On Friday, addressing the plenum, the trio of self-styled mavericks won European fans by criticizing the dysfunction in American politics, then challenged their audience with a call for far greater U.S. activism in the Middle East particularly aiding Syria's rebels and on Iran.
McCain said sanctions almost never work, Lieberman said the "red line" should be weapons capability and not the actual creation of a weapons, and Graham said the United States should make it clear that if Iran pressed on it faced a "massive attack" from the United States and not Israel, a scenario which he said Iran's leaders know they could not survive.
McCain cut a somewhat wistful figure at the proceedings disarmingly accessible yet gravely ominous, a smiling, hard-headed reminder of what might have been.
In the interview he was happy to detail how he would have done things differently, criticized Obama for pulling troops out of Iraq and telegraphing an intention of ending military operations in Afghanistan by 2014.

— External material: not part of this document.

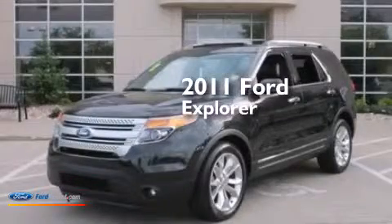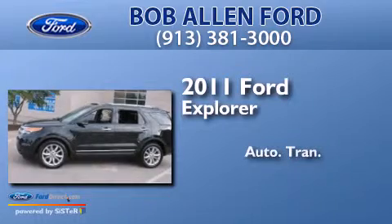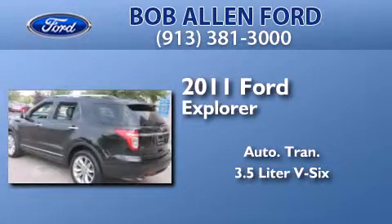This is a 2011 Ford Explorer. This SUV has an automatic transmission and a 3.5 liter V6.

"I would have left a residual force of some 20,000 troops in Iraq," he said. "Things are unraveling" in a way that threatens to yield a "fractured state" divided among Shiite, Sunni and Kurdish regions, under the sway of al-Qaida, and out of the U.S. orbit "all the things we predicted would happen if we pulled out completely."
He was equally dire on Afghanistan, where NATO headquarters in the capital, Kabul, was struck Saturday by a suicide bombing that killed six and was claimed by the Taliban.
"I know that the Afghan people strongly disapprove of a Taliban (return), but I think it's pretty obvious they know the Americans are leaving and they have to adjust to the post-American involvement environment and that means accommodating the certain forces that they otherwise wouldn't."
On Afghanistan "I've not heard (Obama) talk about success."
McCain said that Obama should also sidestep a paralyzed United Nations and reluctant NATO to cobble together a coalition of European and Mideast nations willing to lend a hand arming the rebels and backing them in establishing a safe zone in the north.
"If we led, we could," he said. "It cries out for American leadership. American leadership is not there."
He also called for a resolute stance on Iran.
"Here's the conundrum. The president of the United States has repeatedly stated that Iranian nuclear weapons (are) unacceptable. Now we watch as they move inexorably down that path... Right now I don't see any exit sign. That doesn't mean I'm predicting that there will be this conflict, but at the same time I don't know a way out."
"One thing I'm pretty confident of is that that decision would not be made by the president of the United States before the November election," he added.
McCain is scathingly critical of the political process in America today, blaming outside money for driving down the level of political discourse in 2012.
"I have not seen a campaign as poisonous as this is," he said. "I have not seen candidates call each other outright liars. It has to do with money. It has to do with these outside groups... We've reached the lowest level of discourse that I've seen in American politics."
McCain said the ratings for his 2008 convention were far higher than Romney's crediting his controversial nominee for vice president, former Alaska Gov. Sarah Palin.
"She energized our party, and the nation," he said. "And the liberal left began a vendetta against her which is still the most disgraceful and despicable thing I've ever seen in American politics. No matter what she said they were going to try to destroy her with it."
But could it be that Palin's seeming lack in fluency in economic affairs tipped the election by frightening voters who at that precise moment coming to terms with the terrifying dimensions of the Great Recession, creating a political market for expertise?
McCain bristled at the very proposition.
"I know of no campaign in history that hinged on who the vice presidential candidate was, so if your theory is correct it is a major breakthrough in the history of politics," he said.
Then he added, with what seemed like either sarcasm or resignation: "But it may be true."